Crawled caption data
......
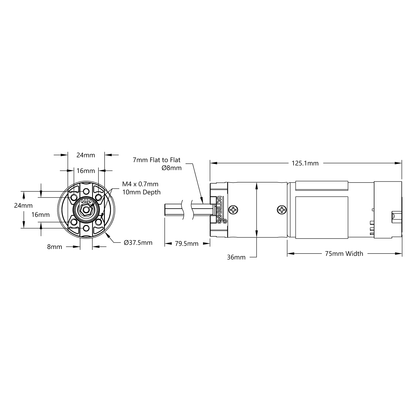 5204 Series Yellow Jacket Planetary Gear Motor (139:1 Ratio, 80mm Length 8mm REX™ Shaft, 43 RPM, 3.3 - 5V Encoder)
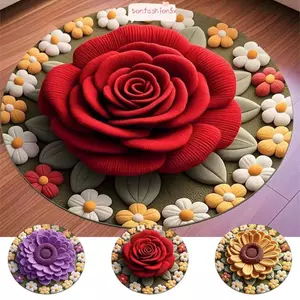 Thảm trải sàn hoa mẫu đơn ITRUMPET, 40x40cm / 60x60cm / 100x100cm Thảm hoa chống trượt, Thảm trải sàn phòng tắm mềm mại thấm hút bền bỉ cho phòng khách Bàn trà đầu giường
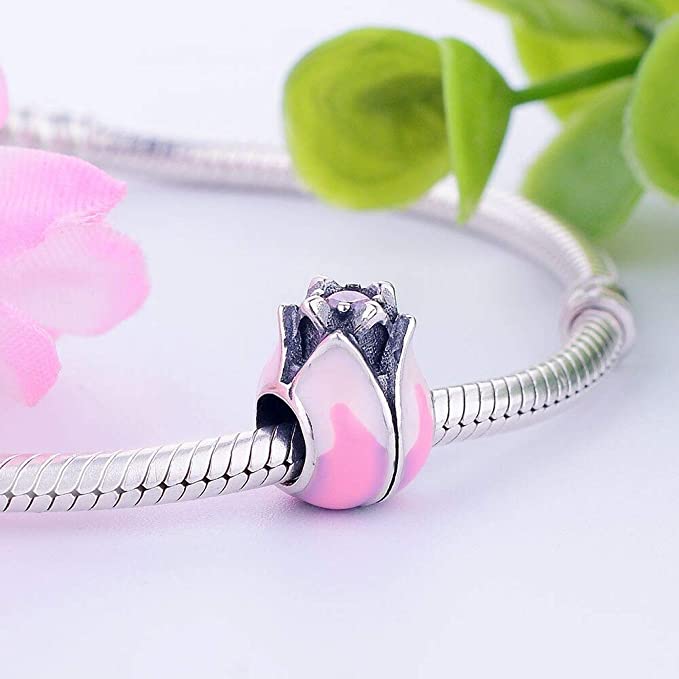 Pink Tulip Flower Sterling Silver Dangle Pendant Bead Charm - Bolenvi Pandora Disney Chamilia Jewelry 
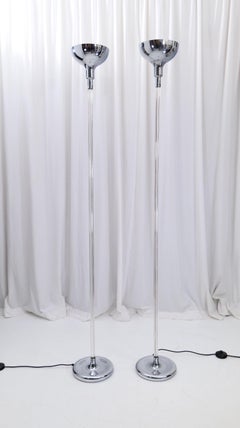 pair vintage Ingo Maurer torchiere floor lamps from 1972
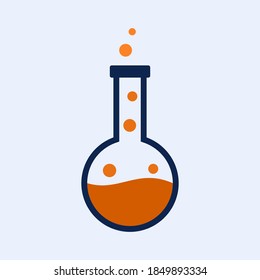 Lab flask icon isolated on blue background, Laboratory glassware or beaker equipment. Vector illustration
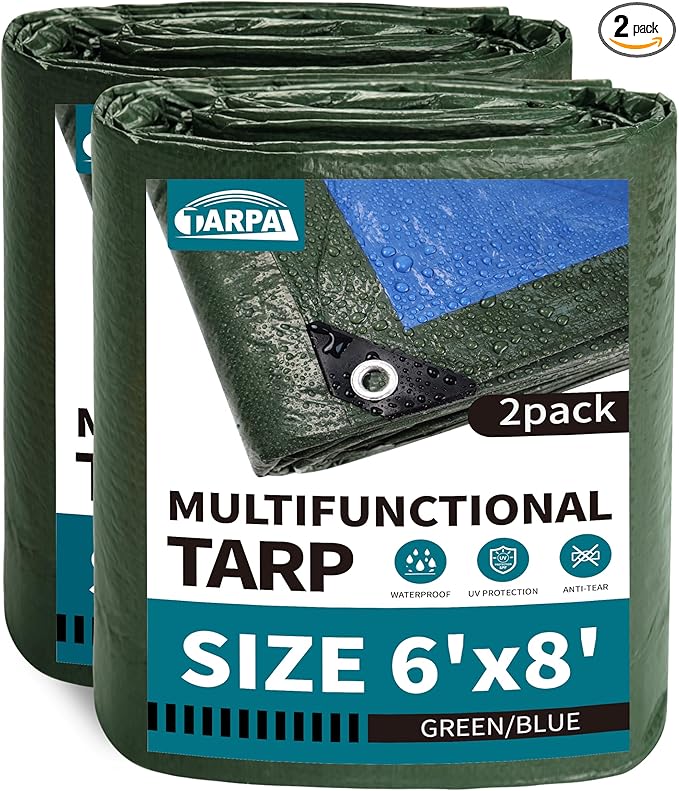 TARPAL 6x8 Feet Green Tarp Waterproof (2 Pack) Small tarps Multipurpose Protective Cover All Purpose Poly Tarps Cover for Firewood Outdoor Furniture etc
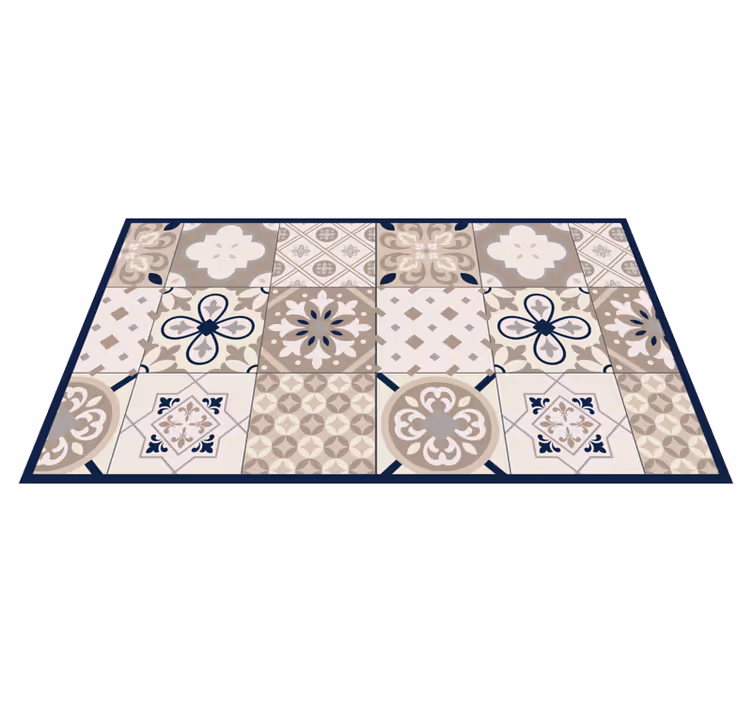 Tapis de cuisine carreaux de ciment beige vintage - TenStickers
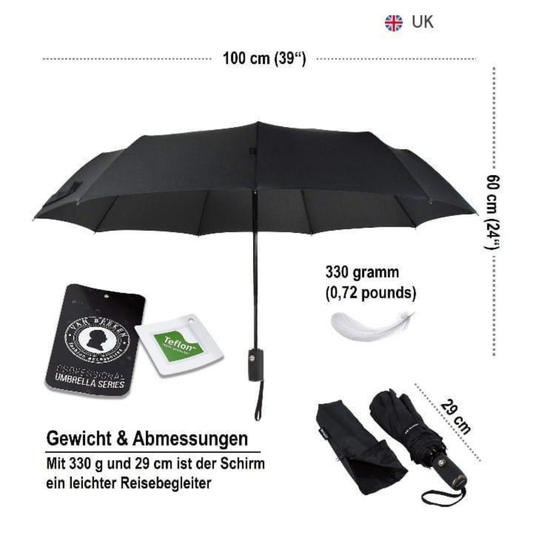 1 Pc Weather-Resistant Black Fiberglass Umbrella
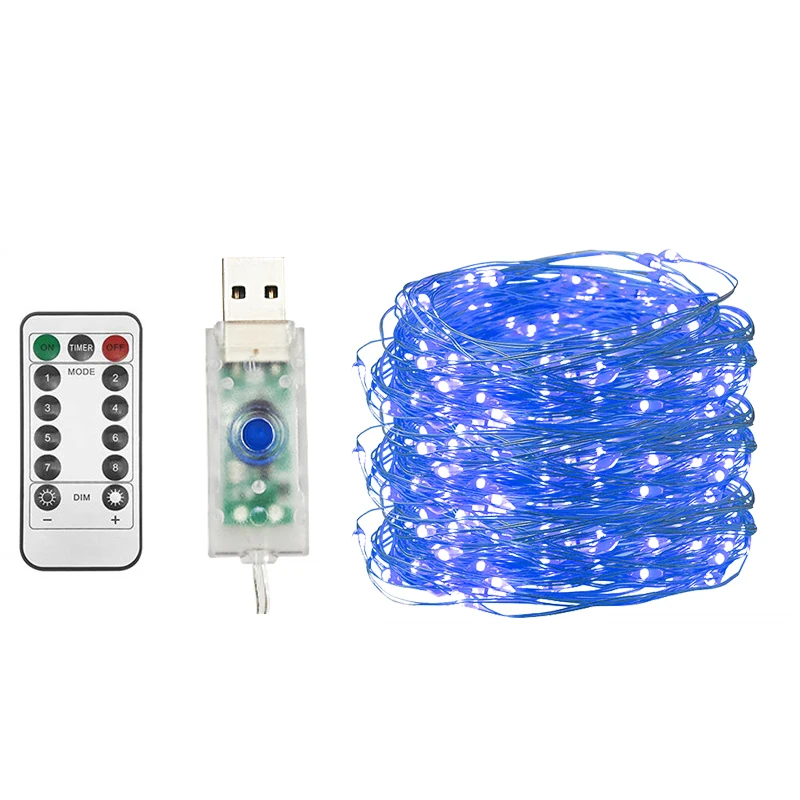 Рождество 5 м/10 м/20 м Светодиодные сказочные огни USB батарея работает с пультом дистанционного управления Водонепроницаемый Серебряный провод мерцающие гирлянды - Испускаемый цвет: A Blue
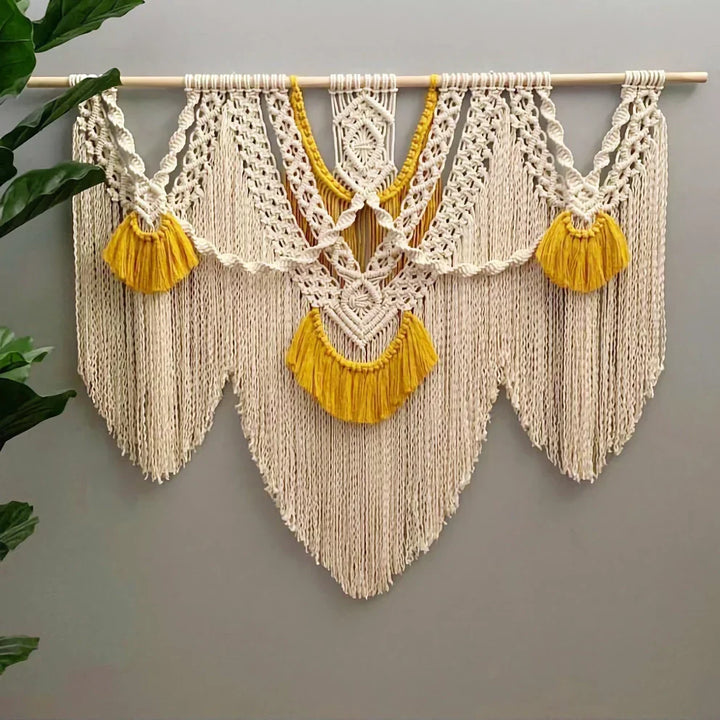 Skanto | Gul Stort Makrame Veggteppe Tapestry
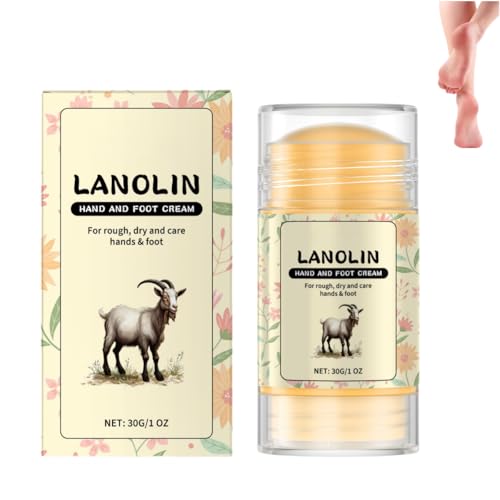 Crema de Manos y Pies de Lanolina, Crema Hidratante para Pies, No Grasa, de Rápida Absorción, Apta para Piel Seca y Sensible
......
PROBLEM TO SOLVE: Skip the pictures. Return exactly the lines from the one containing "Pink Tulip Flower" through the end of the data above, both included, and nothing besides.

RESPONSE TO THE TASK:
 Pink Tulip Flower Sterling Silver Dangle Pendant Bead Charm - Bolenvi Pandora Disney Chamilia Jewelry 
 pair vintage Ingo Maurer torchiere floor lamps from 1972
 Lab flask icon isolated on blue background, Laboratory glassware or beaker equipment. Vector illustration
 TARPAL 6x8 Feet Green Tarp Waterproof (2 Pack) Small tarps Multipurpose Protective Cover All Purpose Poly Tarps Cover for Firewood Outdoor Furniture etc
 Tapis de cuisine carreaux de ciment beige vintage - TenStickers
 1 Pc Weather-Resistant Black Fiberglass Umbrella
 Рождество 5 м/10 м/20 м Светодиодные сказочные огни USB батарея работает с пультом дистанционного управления Водонепроницаемый Серебряный провод мерцающие гирлянды - Испускаемый цвет: A Blue
 Skanto | Gul Stort Makrame Veggteppe Tapestry
 Crema de Manos y Pies de Lanolina, Crema Hidratante para Pies, No Grasa, de Rápida Absorción, Apta para Piel Seca y Sensible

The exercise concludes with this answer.